To do:
Give back each entry unchanged, minus pictures.

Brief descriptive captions

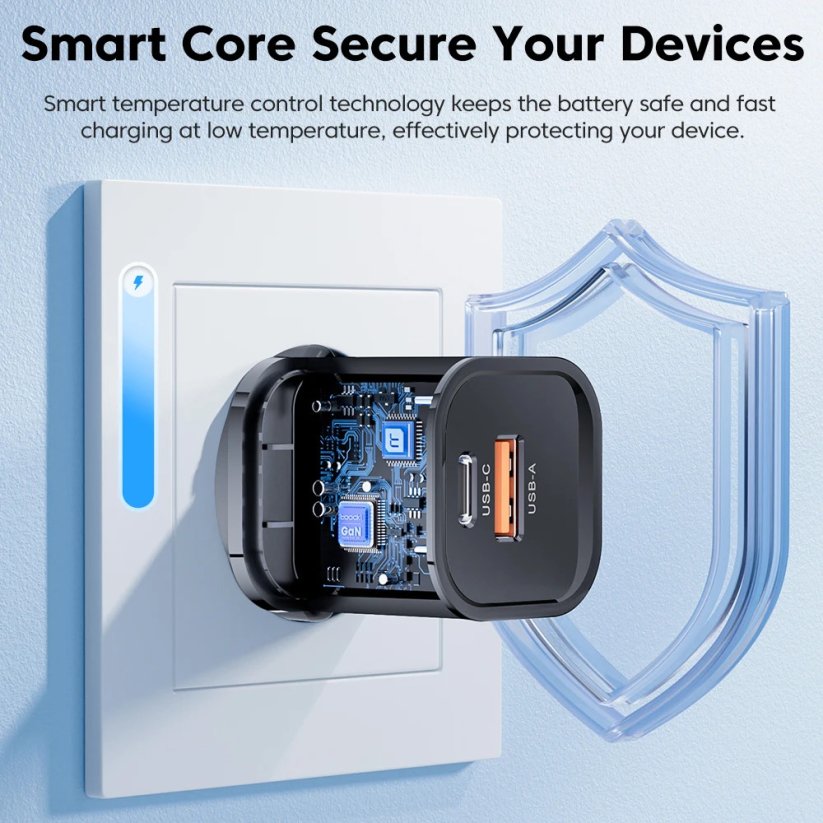 Toocki 33W nabíječka GaN USB C a USB A Quick Charge 3.0, černá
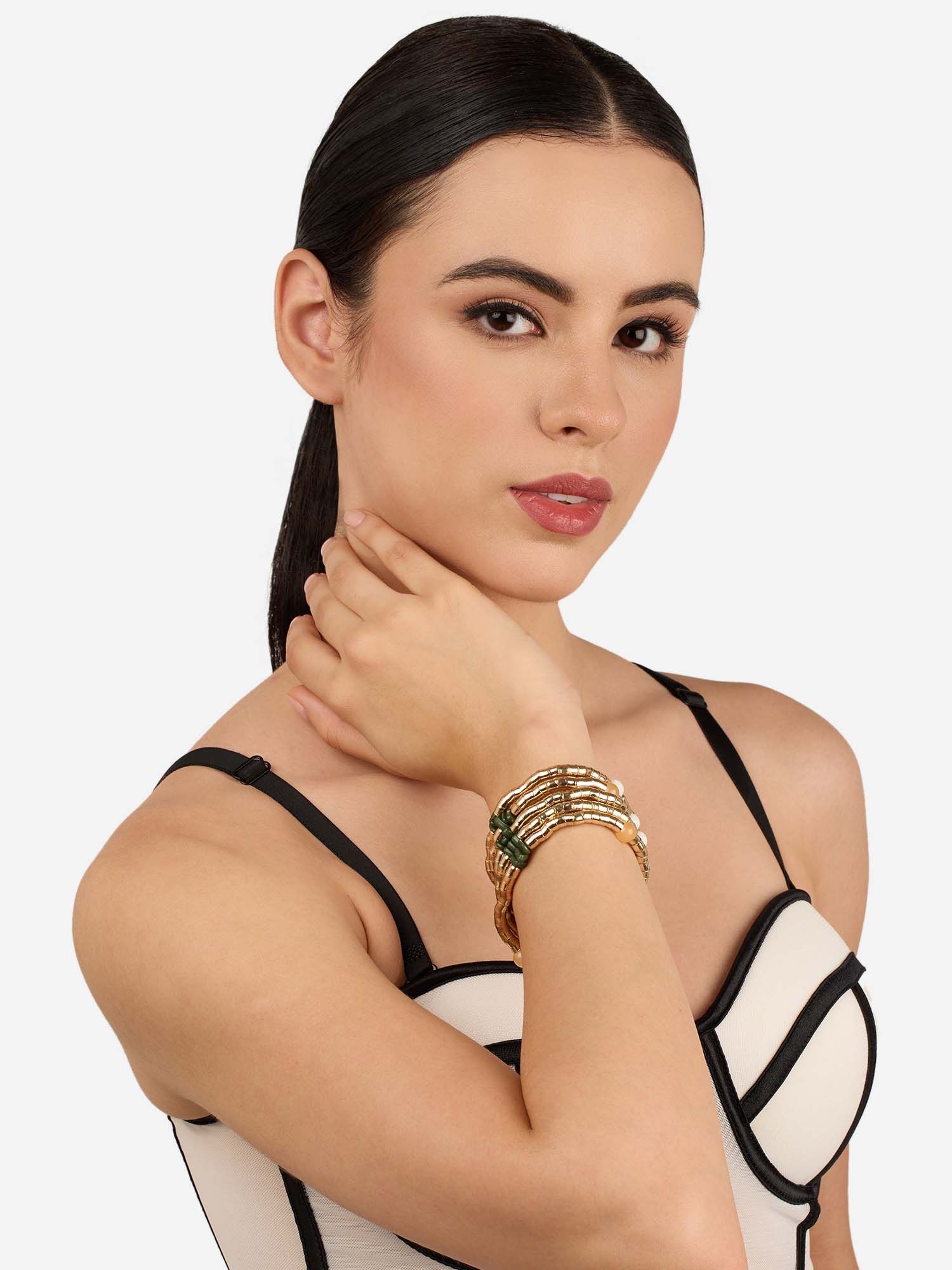 Buy Zaveri Pearls Multicolor Beaded Contemporary Stack Bracelets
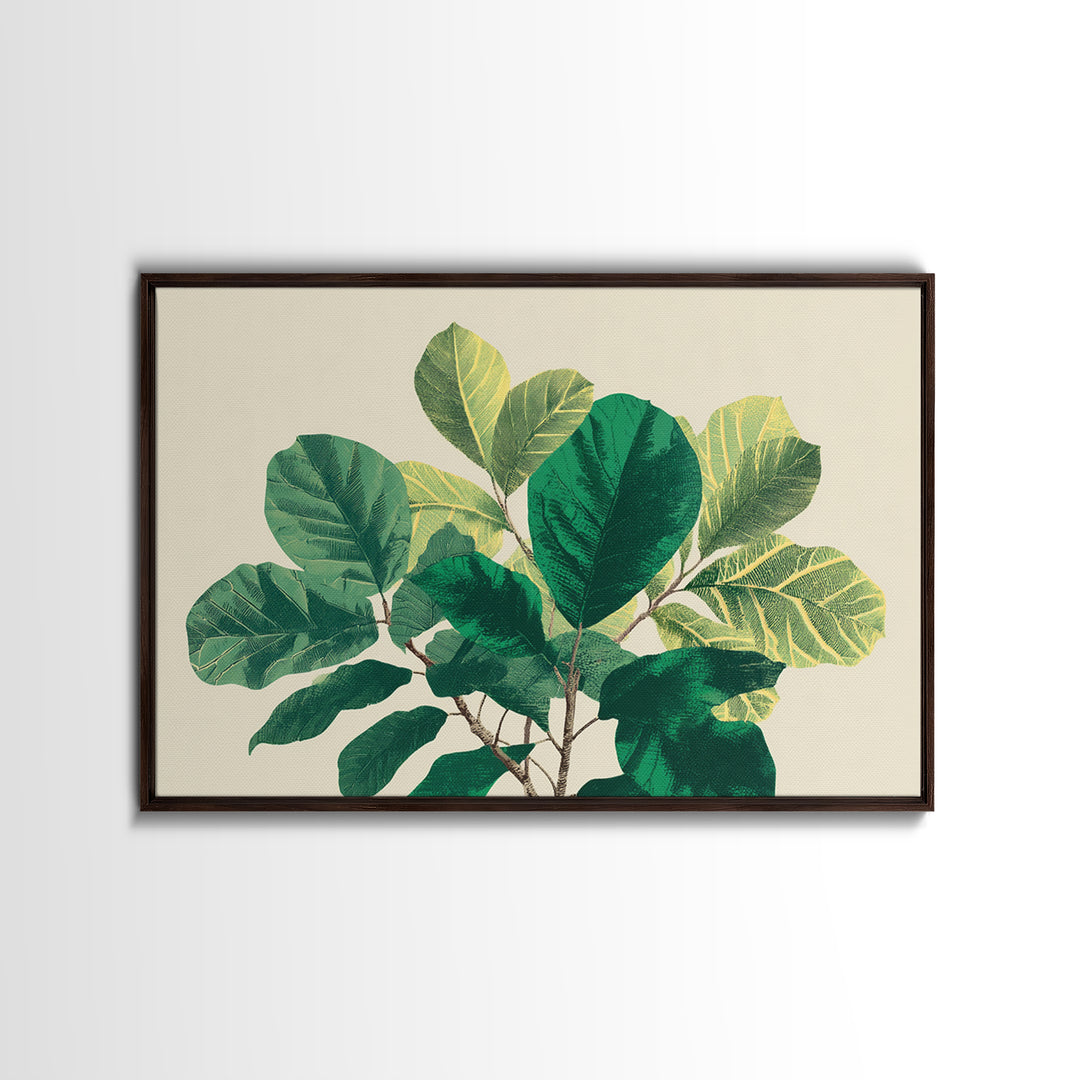 Lush Green Fiddle Leaf Fig Wall Art, Botanical Midcentury Modern Decor, Nature Canvas Print For Living Room Or Office Decor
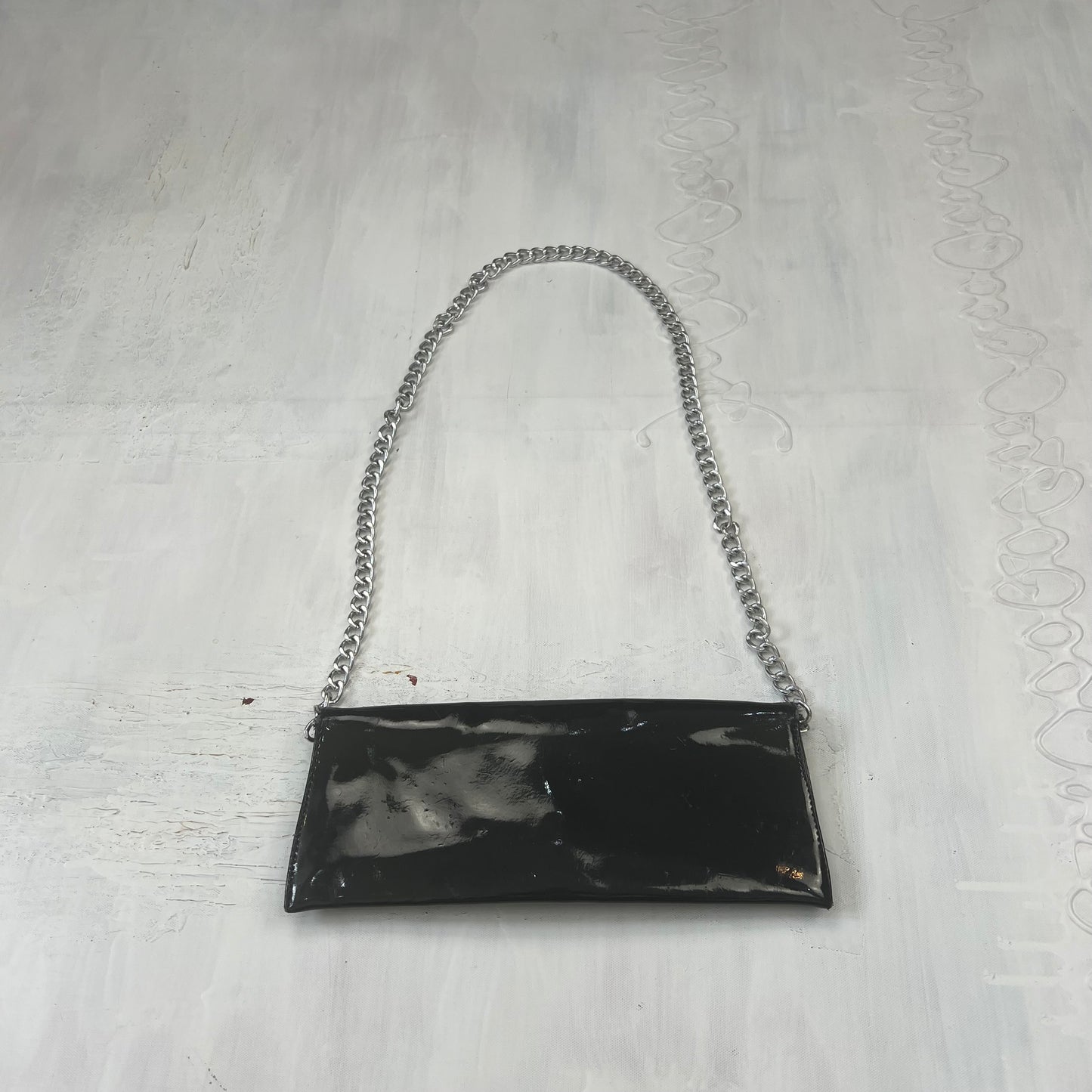PROM SEASON DROP | black shoulder bag with silver strap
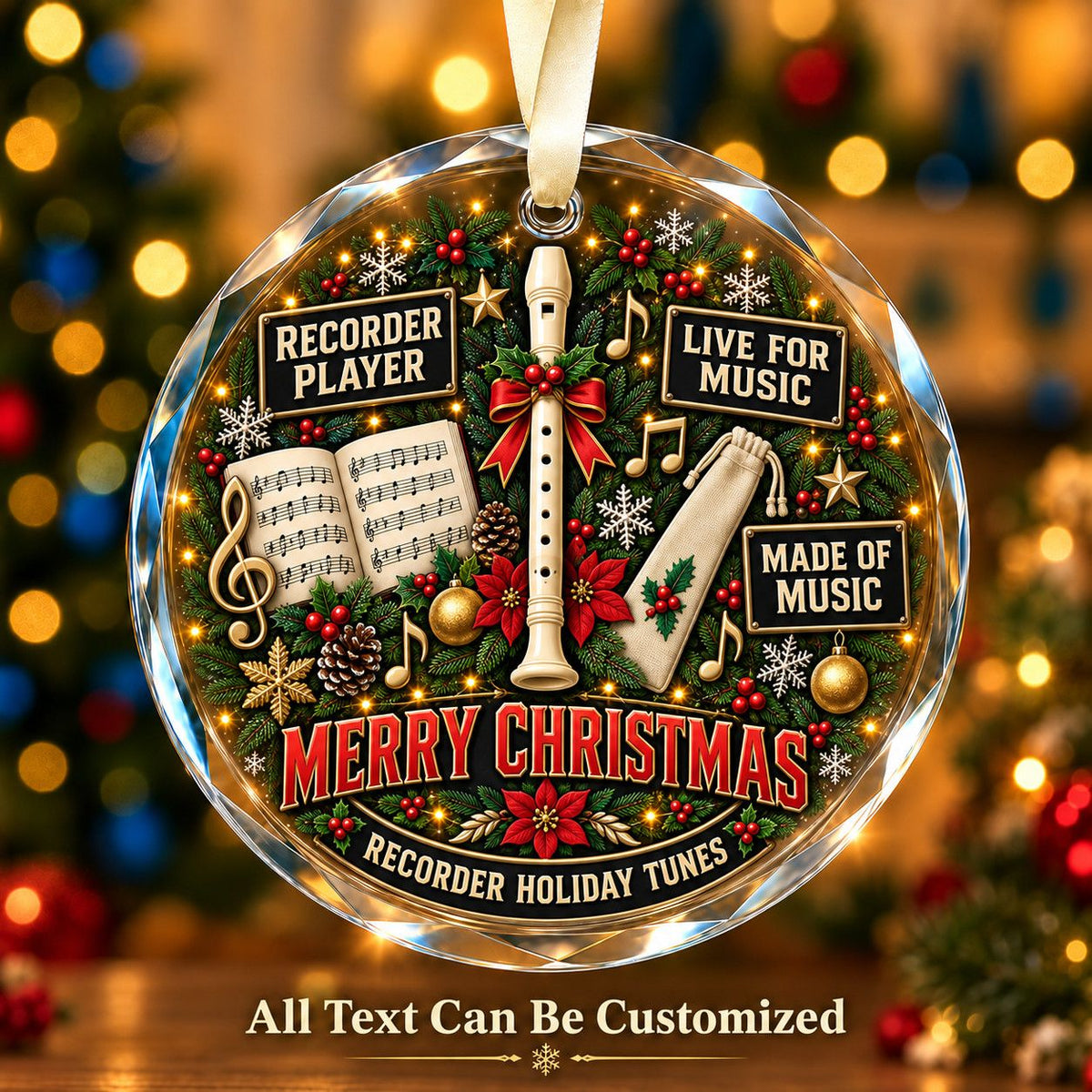 Recorder Player Personalized Glass Ornament | 5To9Vibe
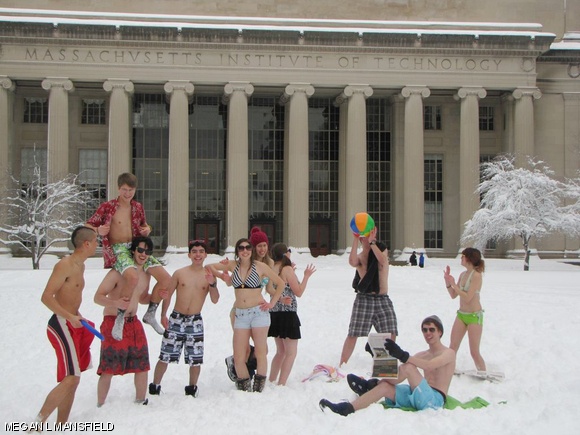 Next House residents enjoy a day at the beach during this weekend’s blizzard. From left to right: Daniel Martelly ’14, Eric K. Ruleman ’16, Colin P. McDonnell ’16, Felipe Hernandez ’15, Aleksya D. Aguirre ’15, Hannah R. Kempton ’15, Shante K. Stowell ’15, Benjamin A. Evans ’16, Ian W. Chesser ’16, and Halla M. Moore ’15.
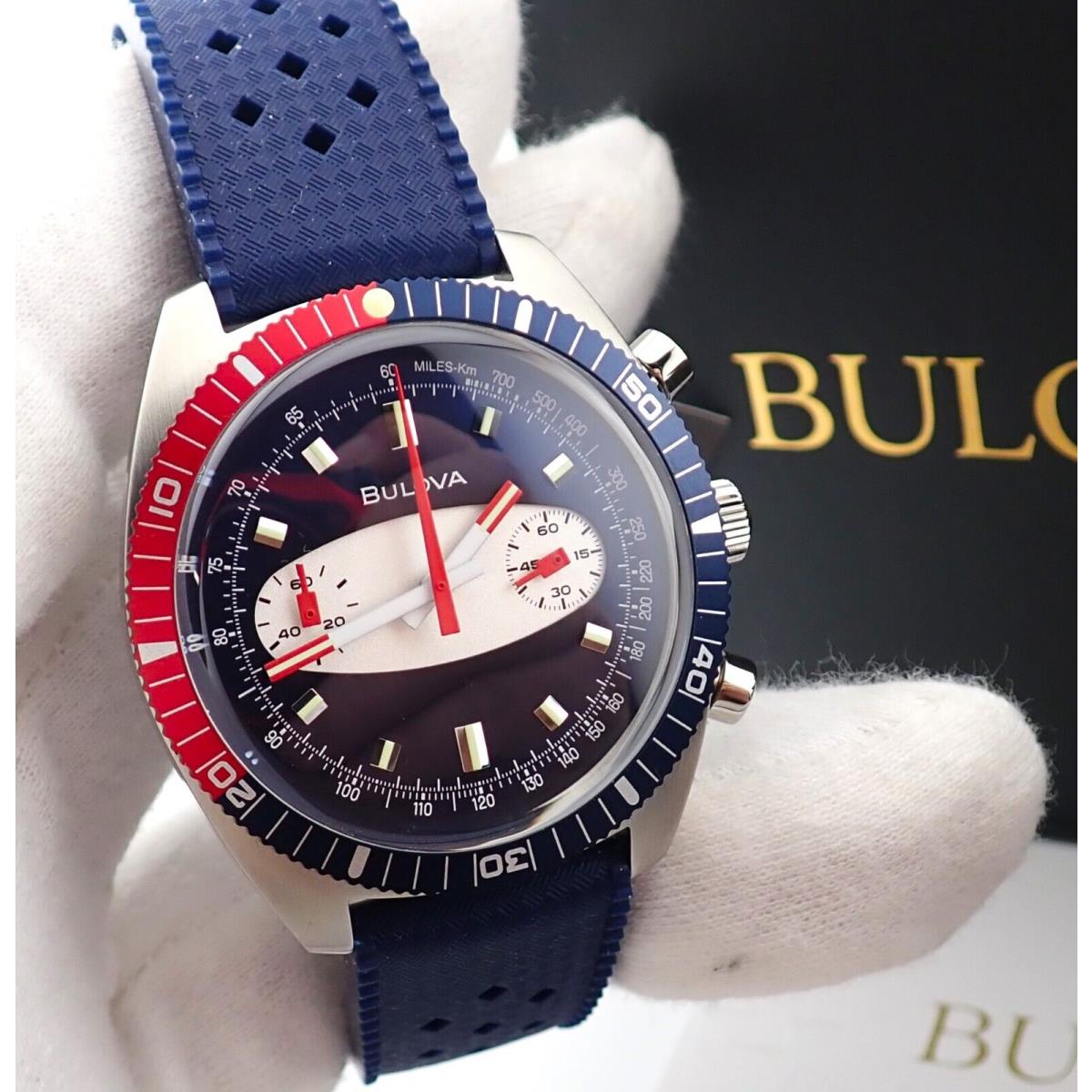 Bulova Archive Series Surfboard Chrono Blue Strap 98A253 Men`s Watch R28-04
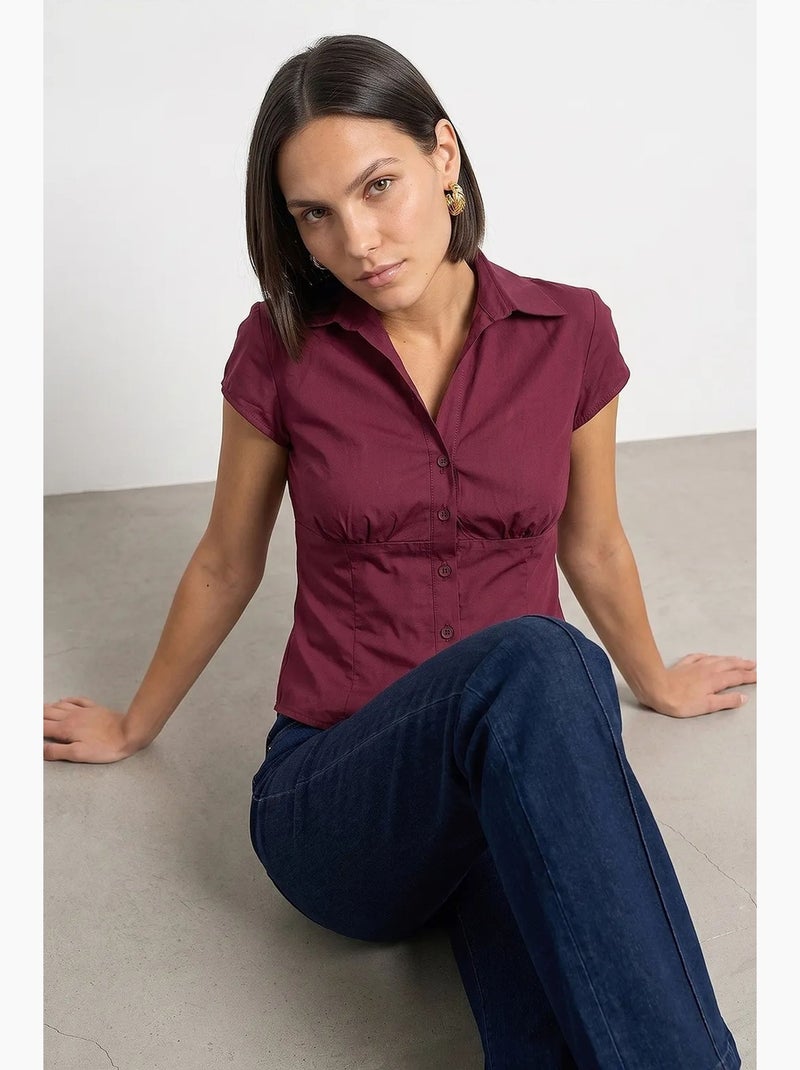 Camicia in popeline di cotone aderente con dettaglio a laccio dilvin Rosso bordeaux - Kiabi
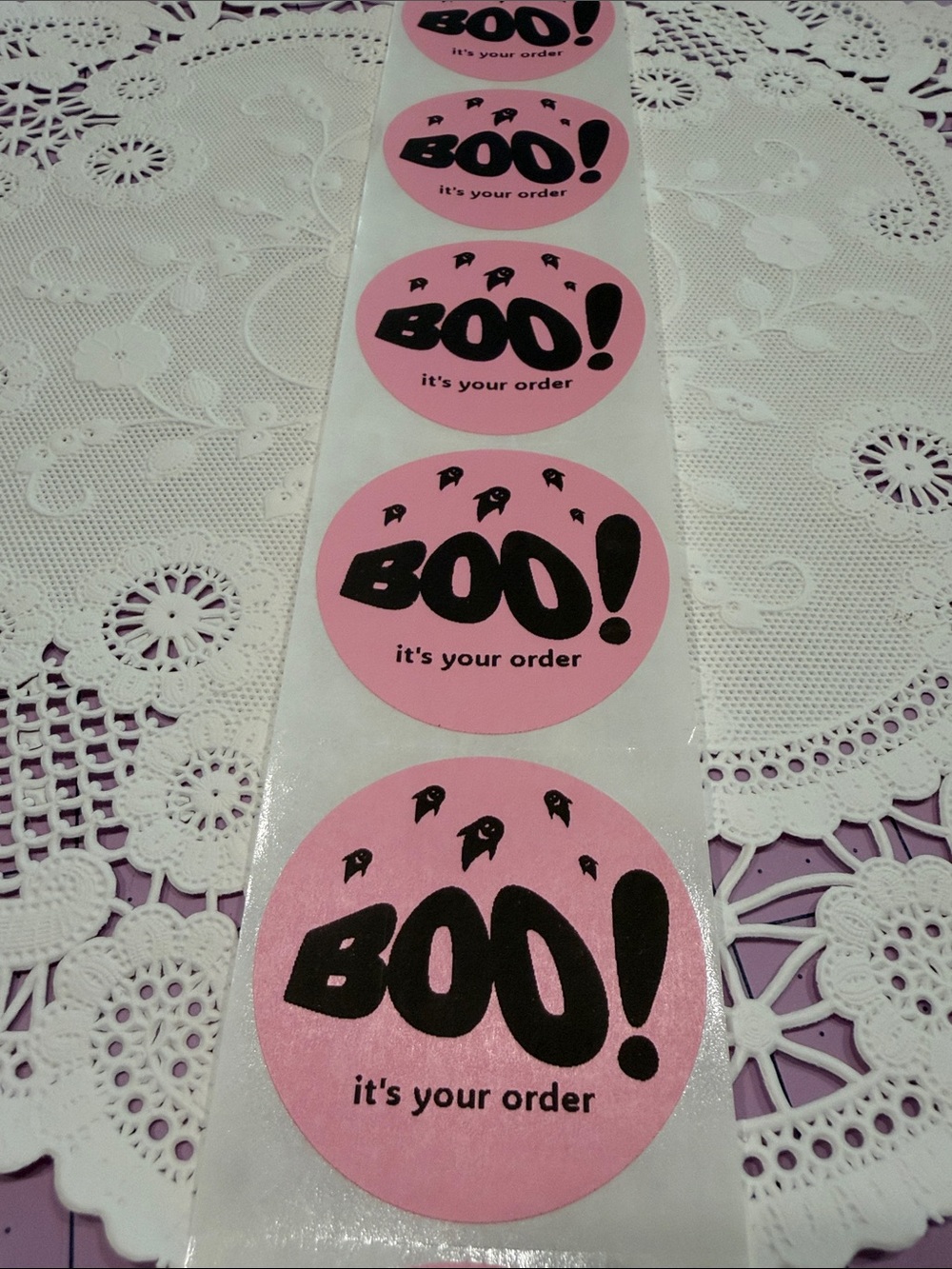 2” Pink BOO! Round Sticker Sheet - "it's your order" set of 100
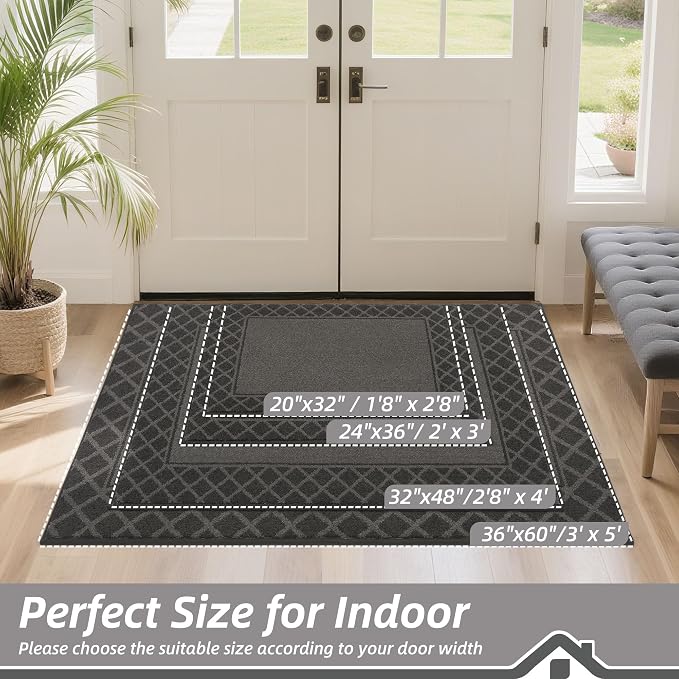 BEQHAUSE Door Mat Indoor Entrance Dirt Trapper Rugs for Entryway Non Slip Welcome Mat Absorbent Floor Mat Low Profile Washable Front Doormat for Dirty Paws, 32" x 48", Black - Image 2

Solution:
 Toocki 33W nabíječka GaN USB C a USB A Quick Charge 3.0, černá
 Buy Zaveri Pearls Multicolor Beaded Contemporary Stack Bracelets
 Lush Green Fiddle Leaf Fig Wall Art, Botanical Midcentury Modern Decor, Nature Canvas Print For Living Room Or Office Decor
PROM SEASON DROP | black shoulder bag with silver strap
 Recorder Player Personalized Glass Ornament | 5To9Vibe
 Next House residents enjoy a day at the beach during this weekend’s blizzard. From left to right: Daniel Martelly ’14, Eric K. Ruleman ’16, Colin P. McDonnell ’16, Felipe Hernandez ’15, Aleksya D. Aguirre ’15, Hannah R. Kempton ’15, Shante K. Stowell ’15, Benjamin A. Evans ’16, Ian W. Chesser ’16, and Halla M. Moore ’15.
 Bulova Archive Series Surfboard Chrono Blue Strap 98A253 Men`s Watch R28-04
 Camicia in popeline di cotone aderente con dettaglio a laccio dilvin Rosso bordeaux - Kiabi
 2” Pink BOO! Round Sticker Sheet - "it's your order" set of 100
 BEQHAUSE Door Mat Indoor Entrance Dirt Trapper Rugs for Entryway Non Slip Welcome Mat Absorbent Floor Mat Low Profile Washable Front Doormat for Dirty Paws, 32" x 48", Black - Image 2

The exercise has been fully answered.